WHERE HAVE you gone Lenn Sakata?
He's right where he's been the last six summers, guiding the San Jose Giants to another winning season. The high Single A club has been one of pro baseball's most consistent winners, and Sakata, 52, has taken the Giants to the playoffs every year.
They are 61-46 and leading the California League's Northern Division by 2 1/2 games after last night's 7-2 victory over Lake Elsinore. It was the Giants' sixth win in seven games.
Earlier this season, Sakata set the league record for wins. Conventional wisdom would dictate it's the kind of record you don't want, because you might have hoped to have moved up to a higher level of competition.
Sakata said he doesn't look at it that way. For the most part, he is happy where he is.
"Longevity is what it takes. I've been fortunate enough to have good players who work hard," he said before a game last week. "I think all minor league baseball jobs are lateral moves. There's no stigma being a one-A coach as opposed to Triple-A because the game has changed. There's no natural progression. People get major league jobs with no coaching experience, straight from the broadcast booth.
"I don't look at this as a career deprecating thing for me. It's one of those situations where this is where I can have the best impact. The players are eager and more impressionable. I feel fulfilled at this level, although maybe yes, I've been at this level much too long."
There are certainly worse gigs. The San Jose Giants draw a steady 3,000 or so fans, even on weeknights. Municipal Stadium is one of those classic old ballparks, built in 1932. It's been kept up well and modern conveniences have been added without affecting the integrity of the old-school vibe. Promotions are fun without distracting too much from the game.
"I like the area, I like the organization," Sakata said. "The front-office here is extremely good to me. This is a good league with high-level talent year-after-year. The good players in this league play in the majors within one or two years.

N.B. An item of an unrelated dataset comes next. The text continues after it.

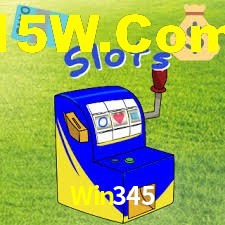 Ofertas Imperdíveis na Win345: Promoções e Bônus Que Valem a Pena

You're seeing this level becoming much more of an impact level than ever before."
Sakata mentions San Francisco Giants rookie starting pitcher Tim Lincecum as an example.
"I would never say 'can't miss.' The only guy I've had here I thought was can't miss was a kid who was here last year, Lincecum. Overpowering stuff. Our shortstop, Brian Bocock, is one of the best I've seen defensively, period. The left fielder, Ben Copeland, plays extremely hard. Dynamic kind of player in the energy he provides. He could be maybe a Johnny Damon player, except he has more power. We have a very athletic, big third baseman (David Maroul) who has 18 homers, but trouble making contact. He's very interesting because of his power and his athleticism."
ANTOAN RICHARDSON is a speedy little outfielder from the Bahamas. He's about 5-7 and a buck-fifty, around the same size Sakata was when he played 11 big league seasons.
"It's good to see proof that a little guy can make it," Richardson said. "He talks about how when you're a little guy, you have to play big. It's good inspiration."
Sakata takes a low-key approach to his job. He doesn't think the players care that he played in the World Series.
"When I was their age and I looked at someone 30 years older, I couldn't imagine them playing," Sakata said. "The only thing they really care about now is if I can help them. They don't want to hear war stories. They just want to know if I can teach them this so they can get out of here. That's what I try to provide."
Richardson, for one, said he doesn't mind a history lesson now and then.
"It's interesting hearing his stories. I feel like he's a wise man," Richardson said. "He's been there and succeeded at that level. He's seen it all, or at least 99 percent of what's going to happen. He's a man of few words, but when he speaks you know you need to take that information in because anything he says can be beneficial."